A l'occasion du livre « Affinités révolutionnaires »
La parution du livre d'Olivier Besancenot et Michael Löwy, « Affinités révolutionnaires.os étoiles rouges et noirs. Pour une solidarité entre marxistes et libertaires », lance, de fait, une discussion qui n'a jamais été réellement menée parmi nous sur la place du marxisme et ses rapports avec les courants anarchistes dans la construction du NPA.
Ce texte voudrait contribuer à ce débat à partir de quelques questions parmi celles que soulève le livre d'Olivier et de Michael. Nous avons besoin de clarification. Lors du congrès de fondation, pour tout le monde, les principes fondateurs avaient pour fonction de définir un cadre de regroupement, le premier congrès devant mettre en place un cadre de discussion des questions stratégiques et programmatiques. Nous connaissons la suite, la confusion dans laquelle nous sommes restés et qui a abouti à la scission de la GA.
Il nous faut remettre ces questions sur l'établi. De ce point de vue, le livre d'Olivier et Michael vient à point nommé. Relancer le projet du NPA implique de mener ces débats. Je suis de celles et ceux qui considèrent indispensable un travail collectif de réappropriation du marxisme, une réflexion qui nous aide à nous donner les moyens politiques de rassembler les anticapitalistes. En juillet 2009, après la fondation du NPA, quelques camarades dont j'étais avaient tenté d'ouvrir ce débat en prenant l'initiative d'inviter à une réunion de « discussion sur les perspectives du NPA et l’actualité du marxisme ». Nous pensions alors que « construire un cadre commun à des militants, des courants aux histoires différentes, tenter de dégager le meilleur de ces expériences, qui sont les objectifs même de l’ensemble des initiateurs du NPA, nécessite une méthode politique qui permette d’élaborer une compréhension commune de la période et des tâches. Cette méthode, c’est le marxisme. Non un marxisme rabaissé au rang d’une idéologie, non un dogme ou des références toutes faites au passé mais bien une méthode de pensée matérialiste, militante, révolutionnaire, vivante dont personne n’est le dépositaire, un marxisme à écrire par notre propre activité militante. »
Malheureusement cette démarche est restée sans suite mais les problèmes, eux, ont eu des suites que l'on connaît. Il nous faut donc reprendre cette discussion, en fait une discussion sur notre stratégie. Marxistes et anarchistes peuvent militer dans le même parti anticapitaliste en cherchant à se convaincre, à s'enrichir des apports réciproques mais aussi à condition qu'il y ait une clarté sur les idées, accords et désaccords.

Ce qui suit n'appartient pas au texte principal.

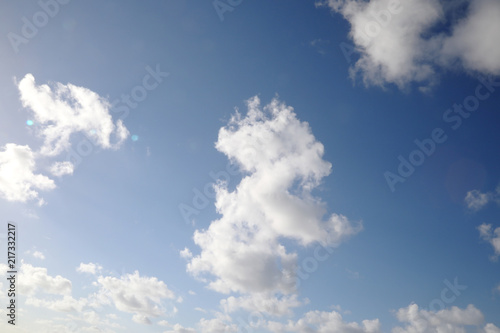 White clouds on a blue sky on a sunny day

Ce travail ne peut se faire que dans la confrontation, le débat, une discussion ouverte.
Détour par un livre
Penser que la réappropriation du marxisme est indispensable ne signifie nullement nier l'apport de militants anarchistes dont certains ont pu d’ailleurs se réclame du marxisme ou d'autres personnalités du mouvement ouvrier. Nous inscrivons notre propre combat dans la continuité de l’ensemble des luttes d'émancipation dont nous sommes, bien plus que solidaires, les enfants et c'est avec le regard d'élèves que nous nous tournons vers le passé pour apprendre et non pour juger, décerner les bons ou mauvais points. Nous avons besoin de nous réapproprier cette histoire, sans préjugés, sans craindre aucun questionnement, pour y puiser notre force, nos idées, nous projeter dans l'avenir, trouver les mots et les idées pour redonner vie et crédibilité au socialisme, au communiste, reconstruire une conscience de classe socialiste et communiste.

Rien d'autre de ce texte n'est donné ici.